- [Action item]: Do any lines in the data below contain "Photo"? If so, copy every one of them.

- [Data supplied]:
##########

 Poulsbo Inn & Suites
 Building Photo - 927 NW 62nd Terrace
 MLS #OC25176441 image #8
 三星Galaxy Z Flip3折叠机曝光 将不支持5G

##########

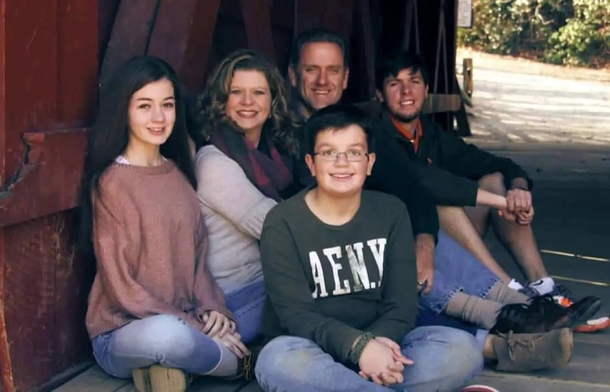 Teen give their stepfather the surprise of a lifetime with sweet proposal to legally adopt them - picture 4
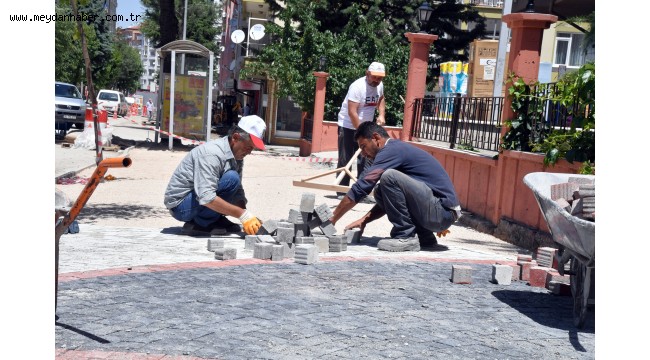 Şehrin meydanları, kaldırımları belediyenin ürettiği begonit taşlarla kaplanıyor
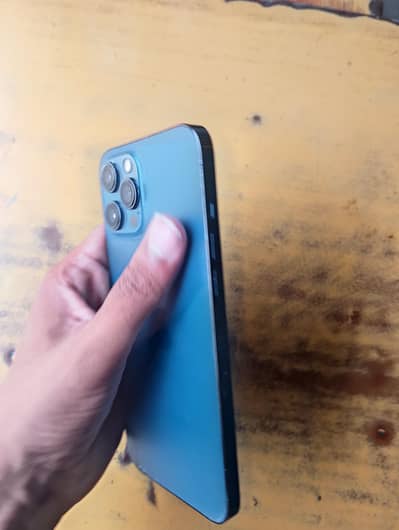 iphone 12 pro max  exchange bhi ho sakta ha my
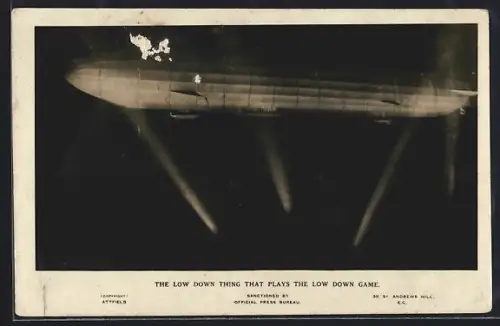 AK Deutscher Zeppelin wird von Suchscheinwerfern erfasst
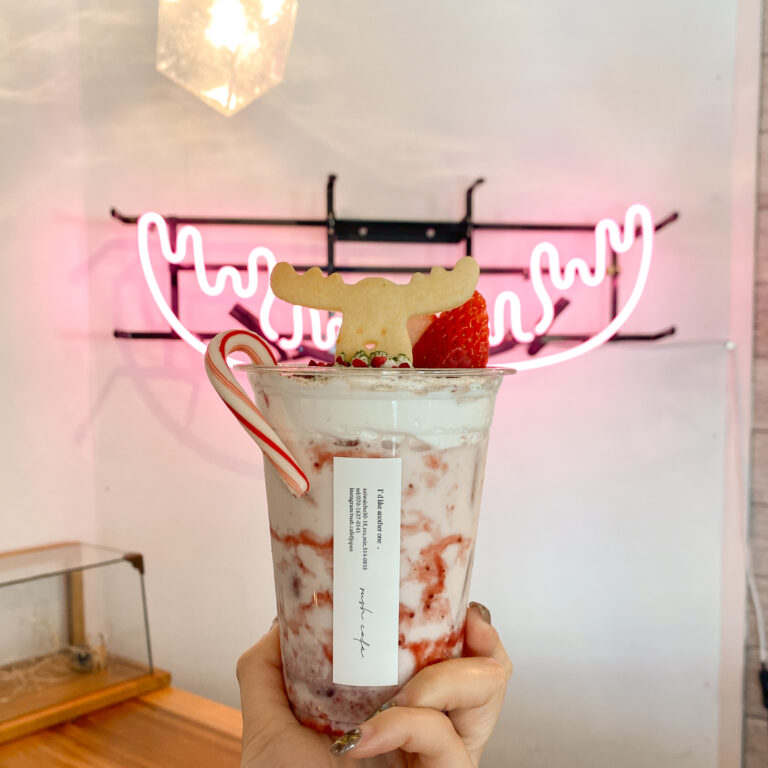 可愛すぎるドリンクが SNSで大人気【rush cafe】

##########

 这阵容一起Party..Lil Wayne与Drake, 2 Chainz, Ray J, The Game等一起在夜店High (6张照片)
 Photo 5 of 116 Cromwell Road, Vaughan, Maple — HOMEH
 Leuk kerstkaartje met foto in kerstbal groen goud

##########

- [Response to this exercise]:
 Building Photo - 927 NW 62nd Terrace
 Photo 5 of 116 Cromwell Road, Vaughan, Maple — HOMEH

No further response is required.